[R] Question on Data Simulation

Göran Broström gb at stat.umu.se
Fri Apr 2 15:48:55 CEST 2004


On Thu, Apr 01, 2004 at 05:11:31PM +0200, Rau, Roland wrote:
> Hello,
> 
> > -----Original Message-----
> > From:	"Jingky P. Lozano" [SMTP:jlozano at apoy.upm.edu.ph]
> > Sent:	Thursday, April 01, 2004 2:15 PM
> > To:	r-help at stat.math.ethz.ch
> > Subject:	[R] Question on Data Simulation 
> > 
> > Dear mailing list,
> > 
> > Do you know a specific package in R where I can create an artificial
> > survival 
> > data with controlled censoring condition?  (For example, I want to
> > simulate a 
> > data set with 5 variables and 20% of the observations are censored.)
> > 
> 	maybe I misunderstood something but why don't you create a variable,
> often denoted by 'status' in survival analysis, where the probabilities are
> 0.2 for censoring and 0.8 for the event and add this to your other data?
> 	The code should like like this (for a hypothetical size of 1000
> individuals):
> 
> 	status = sample(x=c(0,1), size=1000, replace=TRUE, prob=c(0.2,0.8))

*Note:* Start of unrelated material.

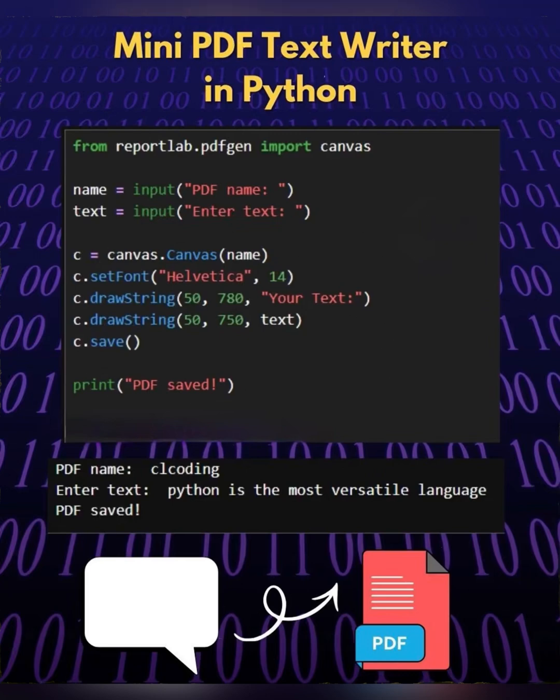This is a simple confirmation message displayed on the console after the file is saved. Thank you so much, please follow and subscribe to me for more such PDF courses daily.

I have an objection to this solution: If you take an uncensored sample 
and regard some of the observations as censored, you actually change the
distribution of the censored observations (You are changing a genuine
observation T = t to T > t). Since I happen to be in need of this kind of
simulated data myself, I wrote the following function, which simulates
exponential censored survival times according to the proportional hazards
model (Type I censoring with common censoring time):
----------------------------------------------------------------------
TypeIsurv <- function(covar, beta, cens.prob = 0, scale = 1){
    ## covar     = n x p matrix of covariates
    ## beta      = p-vector of regression coefficients
    ## cens.prob = expected censoring fraction (0 <= cens.prob < 1).

    ## Output: Censored exponential survival times and censoring
    ## indicators for Type I censoring (common censoring time 'tc'). 
    ## Model: proportional hazards,
    ## h(t; covar, beta) = exp(covar %*% beta)) / scale
    
    ## Here we should have some checks of indata.

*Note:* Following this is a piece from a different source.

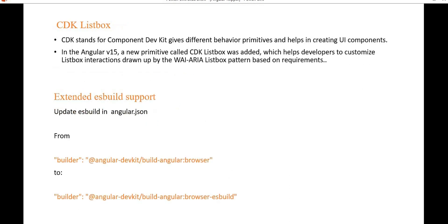Regarding the CDK listbox — CDK stands for Component Dev Kit and provides different behavior primitives to help create UI components. In Angular 15, a new primitive called CDK listbox was added, which helps developers customize listbox interactions following the ARIA listbox pattern based on requirements. For example, selecting a value in a listbox will highlight it accordingly.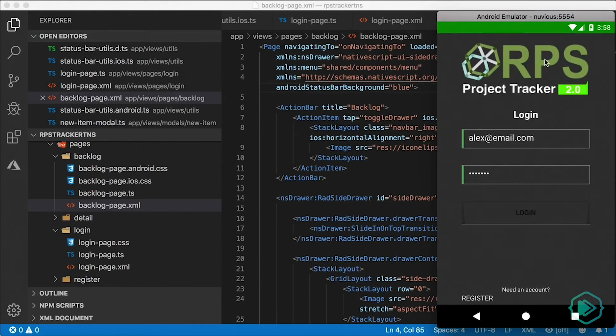So that's how you can control the status bar background colors on Android. Let's take a look at showing and hiding the status bar on Android in the next lesson.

    if (scale <= 0) stop("'scale' must be positive")
    if (cens.prob >= 1) return(NULL)
    
    covar <- as.matrix(covar)
    n <- NROW(covar)
    score <- exp(covar %*% beta)

    tt <- rexp(n, score) # Uncensored survival times
    if (cens.prob > 0){
        ## Find the common censoring time 'tc':
        type1 <- function(x) mean(exp(-x * score)) - cens.prob
        lower <- 0
        upper <- -log(cens.prob) / min(score) + 1
        tc <- uniroot(type1, c(lower, upper))$root
        ## Calculate event indicator and observed times:
        event <- tt <= tc
        tt <- pmin(tt, tc)
    }else{
        event <- rep(TRUE, n)
    }
    list(time = scale * tt, event = event, tc = scale * tc)
}
--------------------------------------------------------------------
A word of warning: Not well tested; I only noticed that the censoring
fraction seemed to be correct in some experiments.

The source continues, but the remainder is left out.